P-values and statistical significance: New ideas for interpreting scientific results

Comic from XKCD.

Experts are looking for more meaningful alternatives to statististical tests such as the often misleading and sometimes abused “p-value.”

When statistician Nicole Lazar published an editorial in The American Statistician earlier this year advocating changes in the way scientists handle the troublesome issue of statistical significance, her father—who trained as a sociologist—asked her, “Are you getting death threats on Twitter?”

Lazar, a professor of statistics at the University of Georgia, doesn’t use Twitter, but the question reveals how contentious the issue of statistical significance is. “You don’t often think about statisticians getting emotional about things,” Lazar told an audience of writers attending the Science Writers 2019 conference held in State College, Pa.,”but this is a topic that’s been raising a lot of passion and discussion in our field.” Lazar spoke on Oct. 27 as part of the New Horizons in Science briefings organized by the Council for the Advancement of Science Writing (CASW).

Many scientists determine whether the results of their experiments are “statistically significant” by using statistical tests that result in a number known as the “p-value.” A p-value of less than 0.05 is commonly considered significant, and often erroneously characterized as meaning the findings are not likely to be the result of chance. What the number actually reveals is less straightforward, and even scientists have trouble explaining the precise meaning of the p-value. Using the threshold of < 0.05 has been shown to be problematic, misleading, and even dangerous. Lazar’s editorial, “Moving to a World Beyond ‘p < 0.05’,” discusses several possibilities that will give researchers alternatives to an arbitrary p-value cut-off.

Saying more about research results

Lazar’s editorial led a special issue of The American Statistician journal that includes 43 online open-access papers with ideas on how to move past this problem. In general, statisticians are not advocating getting rid of p-values altogether. Instead, their suggestions point to a practice of reporting more results and statistical information. “And not just what is significant and catchy,” says Lazar. With a higher level of transparency, she argues, more meaningful interpretations are possible.

Findings based on one simple metric are problematic, Lazar explained. They’re the reason for countless papers being retracted from scientific journals. When studies are replicated, significant results tend to disappear. In 2005, Stanford epidemiologist John Ioannidis made waves with an essay titled “Why most published research findings are false,” outlining many of the pitfalls of using, and abusing, p-values. Abusive practices include “p-hacking,” where scientists manipulate the data, testing different combinations of variables until they find a p-value less than 0.05. Ioannidis also argued that focusing on the p-value while ignoring the size of the study and the size of the effect shown is especially problematic.

To counter this malpractice, in 2016 the American Statistical Association formed a committee of experts to develop possible solutions. Subsequently, a 2017 symposium on statistical inference with scientists from various disciplines discussed possible alternatives. The many suggestions included adopting a lower p-value of 0.005 as the threshold for significance, or analyzing the effects on a spectrum instead of using arbitrary categories. “We don’t think there should be a one-size-fits-all solution.” Lazar says. “We think that different sciences, different disciplines are going to come to different solutions, and that’s okay.”

Keeping her science-writing audience in mind, Lazar made suggestions for how science journalists can better navigate the issue as well. In a culture where science news is often dominated by reports on a single scientific study with flashy findings, science journalists need to be skeptical about unexpected or counterintuitive results. Lazar cautioned that one paper with “statistically significant” results may not be reliable, and science writers should look for a convergence of results from multiple studies.

Can p-values be hazardous to your health?

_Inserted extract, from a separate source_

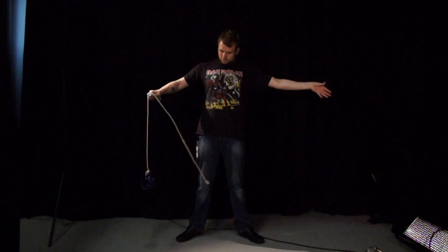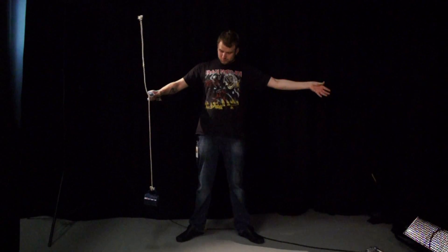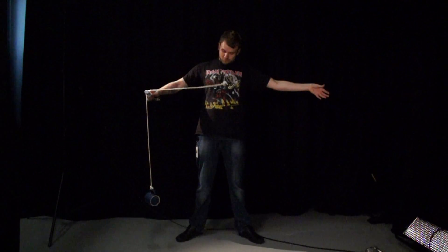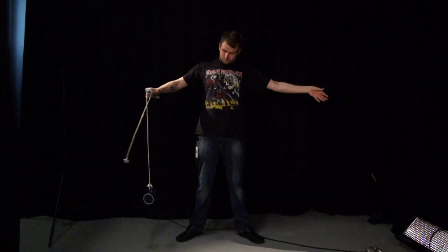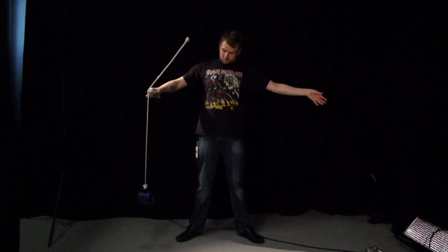But instead, as the smaller object falls, it's forced sideways, which gives it enough momentum to wrap itself around the pencil, securing the weight of the mug. All in all, it's a pretty cool little science trick you can try out.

Lazar shared an example of how relying too heavily on p-values can also be deadly. Earlier this year, biologist Janet Hapgood of the University of Cape Town consulted with Lazar about findings on relative risk of HIV infection between three different contraceptive methods in the ECHO Trial, a large epidemiological study involving 7,829 women.

Hapgood was concerned because the reported results had p-values slightly above 0.05, and so the researchers of the ECHO trial had concluded concluded that differences among methods were not significant. “They reached that conclusion because they are relying on the 0.05 threshold to do all their decision-making for them,” Lazar said.

As a result of the increased scrutiny of p-values, publication practices are already changing, with some journals requiring authors to avoid the “statistical significance” language. Besides journals, Lazar believes funding agencies need to encourage more in-depth analysis and reporting of results by requiring researchers to pre-register details of the statistical tests they plan to do for a given study.

Lazar is optimistic about what the future holds. “We’re in a good position for change, and I’m really happy to be talking to science writers because it’s all of us together, collectively, that are going to get us to this post-p < 0.05 world.”

Lidio Albuquerque (@LidioAlbuquerq1) is a Ph.D. candidate in Kinesiology at the University of Nevada, Las Vegas, where he is working with non-invasive brain stimulation to improve motor learning. He likes to tweet about neuroscience, wellness, and diversity in kinesiology. Lidio wrote this story as a participant in the ComSciCon-SciWri workshop at ScienceWriters2019.